• WORK REQUEST: The line containing "Electronic Concrete Bike thumbnail 4" marks the start; repeat it and every following line exactly through the end of the entries.

---------- LISTED RECORDS ----------

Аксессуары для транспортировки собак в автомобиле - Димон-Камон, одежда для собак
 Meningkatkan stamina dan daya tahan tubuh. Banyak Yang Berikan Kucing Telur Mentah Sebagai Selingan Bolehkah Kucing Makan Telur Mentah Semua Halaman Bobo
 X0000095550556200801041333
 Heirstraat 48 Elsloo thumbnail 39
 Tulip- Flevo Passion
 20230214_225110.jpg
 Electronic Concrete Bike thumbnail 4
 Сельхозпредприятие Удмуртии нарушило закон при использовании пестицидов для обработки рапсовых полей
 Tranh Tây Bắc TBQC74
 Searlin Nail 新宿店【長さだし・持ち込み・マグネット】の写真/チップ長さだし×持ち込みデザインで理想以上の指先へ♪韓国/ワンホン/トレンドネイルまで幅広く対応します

----------

• THE ANSWER:
 Electronic Concrete Bike thumbnail 4
 Сельхозпредприятие Удмуртии нарушило закон при использовании пестицидов для обработки рапсовых полей
 Tranh Tây Bắc TBQC74
 Searlin Nail 新宿店【長さだし・持ち込み・マグネット】の写真/チップ長さだし×持ち込みデザインで理想以上の指先へ♪韓国/ワンホン/トレンドネイルまで幅広く対応します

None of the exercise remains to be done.